Cisco Systems Inc posted a stronger-than-expected profit for its fiscal first quarter and said a recovery in business was well under way because customers are investing in network equipment again after cutting back for the past year.

Chief Executive John Chambers forecast revenue for the current quarter at above Wall Street expectations and said that business conditions had hit bottom at least six months ago. Cisco shares rose 3.7 percent.

There will be a good chance we will look back to see that Q3 was in fact the bottom; that Q4 was the tipping point; and the recovery started aggressively in Q1 of fiscal '10, Chambers told analysts on a conference call on Wednesday.

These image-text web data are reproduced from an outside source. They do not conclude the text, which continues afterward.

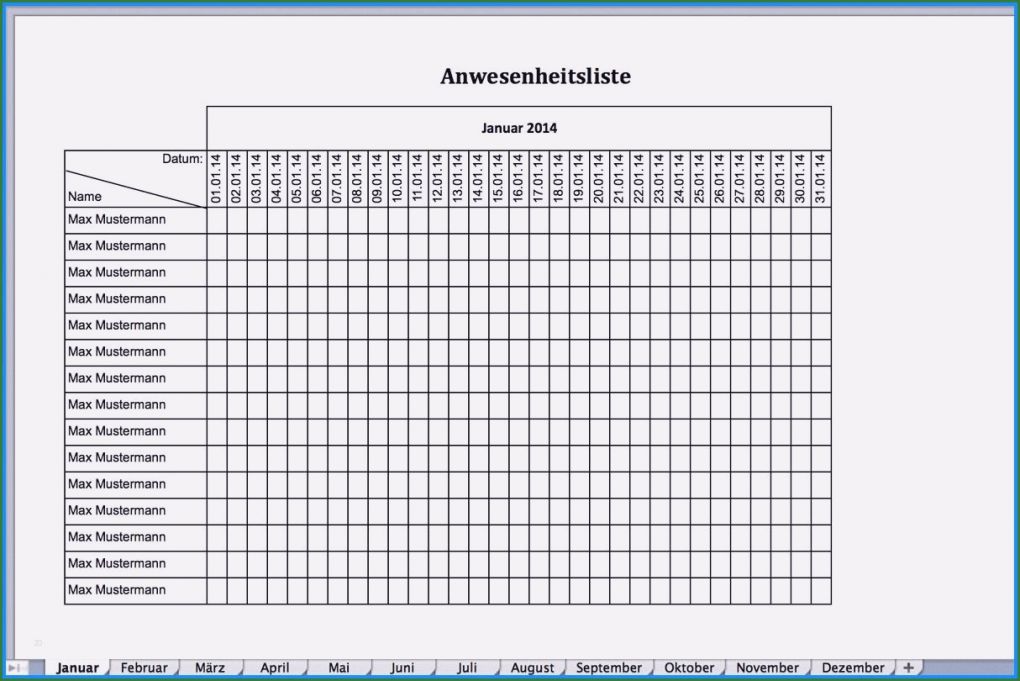 Arbeitsplan Woche Vorlage Cool 9 Tabellen Vorlagen Kostenlos Ausdrucken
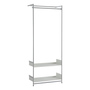 Garderobe Comba Mox
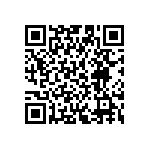 S-8211CCJ-I6T1U QRCode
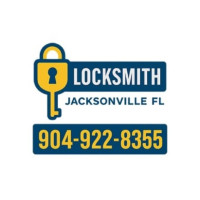 Locksmith Jacksonville FL LLC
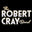 logo of RobertCray.com
- Robert Cray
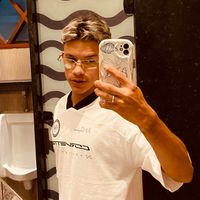 felypinhu_1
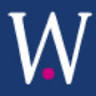 Wrights Estate Agents Welwyn Garden City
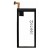 Battery For Alcatel Pop 4 Plus By - Maxbhi Com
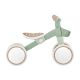 4. LEARNING BIKE ECOLOGIC Laufrad (736-109)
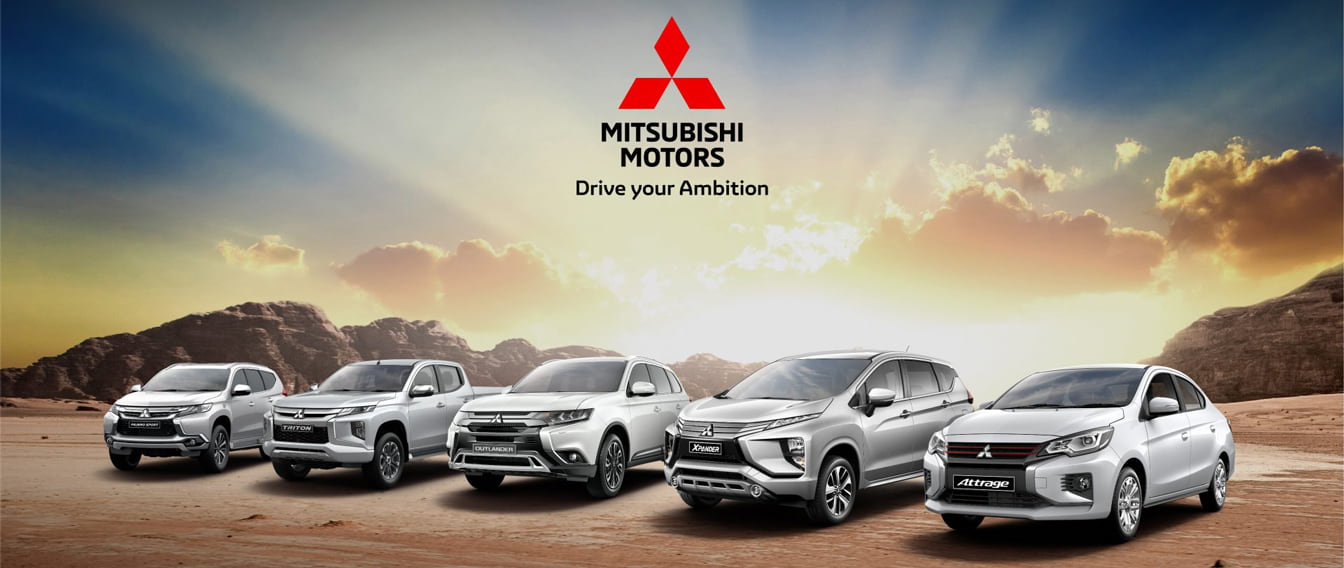 Banner-Newyear-5m-x-2m.jpg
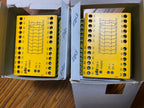 1pc new  PILZ 774150 24VDC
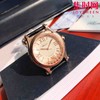 萧邦快乐钻系列机械腕表 快乐钻（HAPPY DIAMONDS）
表盘直径 大号36mm7钻 中号30mm5钻 商品缩略图4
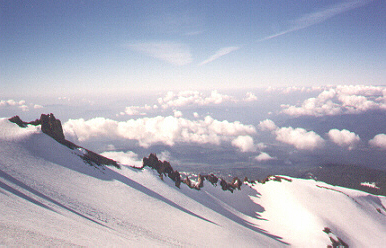 Casaval Ridge Heights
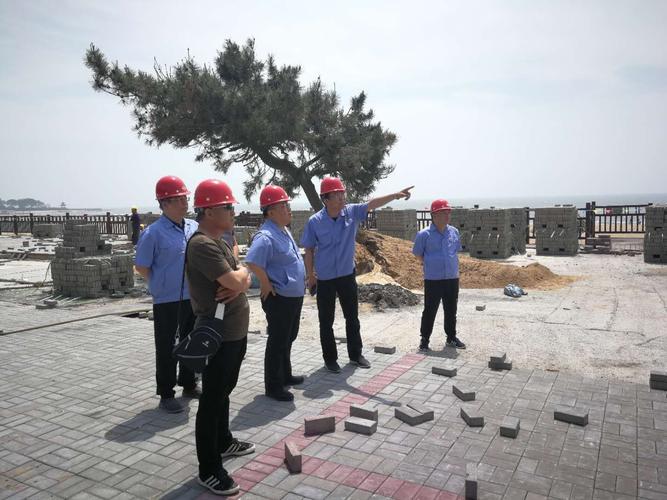 精密電子焊接高效便捷的首選工具Weller威樂無鉛焊臺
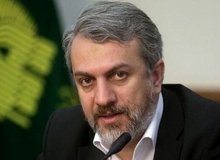 وعده وزیر صمت درباره خودرو/ فاطمی امین: خودرو ارزان می شود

Cisco is the world's top vendor of routers, switches and other network equipment used by global businesses, including telephone companies, as well as governments. Many of those customers had put off large investment decisions during the recession, but the results showed many were beginning to shift gears toward more spending again.

Revenue in Cisco's fiscal first quarter, ended October 24, fell 13 percent from a year earlier to $9 billion. But that was up 6 percent quarter on quarter and higher than the average Wall Street forecast of $8.7 billion, according to Thomson Reuters I/B/E/S.

The company forecast fiscal second quarter revenue would increase by 1 percent to 4 percent from a year earlier, or a rise of 2 percent to 5 percent compared with the first quarter. The average Wall Street estimate for the second quarter had implied a revenue decline of 1.3 percent year on year.

Cisco also said its board of directors authorized up to $10 billion in additional share repurchases, bringing its total outstanding repurchasing program to around $13.1 billion.


But Chambers was wary of forecasting beyond the current quarter, saying the economy could still be volatile.

While we expect a continued recovery into next year, it is important that expectations do not get ahead of market realities, he said.

Jefferies & CO analyst Bill Choi said the caution made sense.

In the near term, we have a lot of visibility, but no one is going to stick their neck out for 2010. Corporate budgets are being set just as we speak, or just close to getting done, he said.

Chambers said that, for now, he sees the market recovering, and said the U.S. government's stimulus package was starting to have an effect.

First-quarter net profit was $1.8 billion, or 30 cents a share, compared with $2.2 billion, or 37 cents a share, a year earlier. Excluding items, profit was 36 cents a share compared to 42 cents a share a year earlier, and higher than the average Wall Street forecast of 31 cents.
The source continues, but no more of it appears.